Every line in the data below that includes "kitchen" belongs in the answer, copied as it stands.
# # # # # # #
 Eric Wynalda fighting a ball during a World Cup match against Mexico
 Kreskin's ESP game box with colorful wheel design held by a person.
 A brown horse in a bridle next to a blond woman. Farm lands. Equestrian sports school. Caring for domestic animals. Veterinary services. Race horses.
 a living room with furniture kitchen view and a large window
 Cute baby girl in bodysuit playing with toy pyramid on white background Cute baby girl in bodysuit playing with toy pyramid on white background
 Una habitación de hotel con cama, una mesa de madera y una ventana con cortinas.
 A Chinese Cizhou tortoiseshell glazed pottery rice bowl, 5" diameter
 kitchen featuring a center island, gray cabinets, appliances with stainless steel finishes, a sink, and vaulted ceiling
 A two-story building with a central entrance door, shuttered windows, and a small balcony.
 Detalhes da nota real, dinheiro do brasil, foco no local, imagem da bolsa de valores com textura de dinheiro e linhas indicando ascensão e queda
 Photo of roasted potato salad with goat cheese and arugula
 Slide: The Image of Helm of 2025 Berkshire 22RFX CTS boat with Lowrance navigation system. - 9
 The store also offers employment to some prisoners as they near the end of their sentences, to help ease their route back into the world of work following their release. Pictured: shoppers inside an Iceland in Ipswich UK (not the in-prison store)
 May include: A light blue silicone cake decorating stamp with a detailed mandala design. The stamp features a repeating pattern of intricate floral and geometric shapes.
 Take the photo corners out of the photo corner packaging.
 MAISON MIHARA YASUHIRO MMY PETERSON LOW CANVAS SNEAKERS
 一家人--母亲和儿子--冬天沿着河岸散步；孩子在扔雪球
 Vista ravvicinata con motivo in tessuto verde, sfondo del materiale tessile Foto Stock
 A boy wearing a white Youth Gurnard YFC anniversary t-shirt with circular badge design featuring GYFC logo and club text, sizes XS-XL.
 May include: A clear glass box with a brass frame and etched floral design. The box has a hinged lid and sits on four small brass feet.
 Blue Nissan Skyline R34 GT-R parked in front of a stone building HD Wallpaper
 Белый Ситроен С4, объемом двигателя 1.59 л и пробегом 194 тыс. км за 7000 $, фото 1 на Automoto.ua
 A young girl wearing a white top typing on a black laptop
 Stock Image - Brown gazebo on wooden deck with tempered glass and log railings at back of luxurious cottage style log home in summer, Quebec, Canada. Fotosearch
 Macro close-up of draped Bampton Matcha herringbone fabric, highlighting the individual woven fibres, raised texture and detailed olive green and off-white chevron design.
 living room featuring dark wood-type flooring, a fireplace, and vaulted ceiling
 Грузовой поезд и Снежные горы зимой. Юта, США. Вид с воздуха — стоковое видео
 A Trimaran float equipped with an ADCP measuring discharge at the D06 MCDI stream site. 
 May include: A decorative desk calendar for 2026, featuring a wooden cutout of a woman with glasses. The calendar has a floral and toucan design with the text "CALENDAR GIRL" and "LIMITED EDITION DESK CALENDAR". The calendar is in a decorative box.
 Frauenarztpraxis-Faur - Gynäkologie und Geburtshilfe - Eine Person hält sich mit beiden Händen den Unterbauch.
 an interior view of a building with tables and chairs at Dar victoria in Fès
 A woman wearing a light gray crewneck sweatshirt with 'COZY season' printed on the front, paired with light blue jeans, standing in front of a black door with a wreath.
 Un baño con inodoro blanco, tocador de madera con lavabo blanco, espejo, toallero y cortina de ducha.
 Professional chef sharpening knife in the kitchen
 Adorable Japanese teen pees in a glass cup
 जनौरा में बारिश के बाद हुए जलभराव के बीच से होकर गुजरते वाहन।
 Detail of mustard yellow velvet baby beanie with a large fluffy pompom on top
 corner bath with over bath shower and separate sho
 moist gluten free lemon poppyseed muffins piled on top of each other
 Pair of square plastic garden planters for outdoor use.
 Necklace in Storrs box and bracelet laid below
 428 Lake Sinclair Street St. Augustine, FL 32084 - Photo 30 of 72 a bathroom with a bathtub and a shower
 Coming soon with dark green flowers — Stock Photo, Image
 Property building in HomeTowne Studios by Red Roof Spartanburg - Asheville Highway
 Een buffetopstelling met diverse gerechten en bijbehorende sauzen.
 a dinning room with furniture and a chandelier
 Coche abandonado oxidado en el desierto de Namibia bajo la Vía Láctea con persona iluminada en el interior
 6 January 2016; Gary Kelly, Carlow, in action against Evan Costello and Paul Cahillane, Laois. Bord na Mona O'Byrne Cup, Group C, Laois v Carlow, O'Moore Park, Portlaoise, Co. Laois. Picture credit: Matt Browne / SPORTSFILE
# # # # # # #
_Result of the exercise_
 a living room with furniture kitchen view and a large window
 kitchen featuring a center island, gray cabinets, appliances with stainless steel finishes, a sink, and vaulted ceiling
 Professional chef sharpening knife in the kitchen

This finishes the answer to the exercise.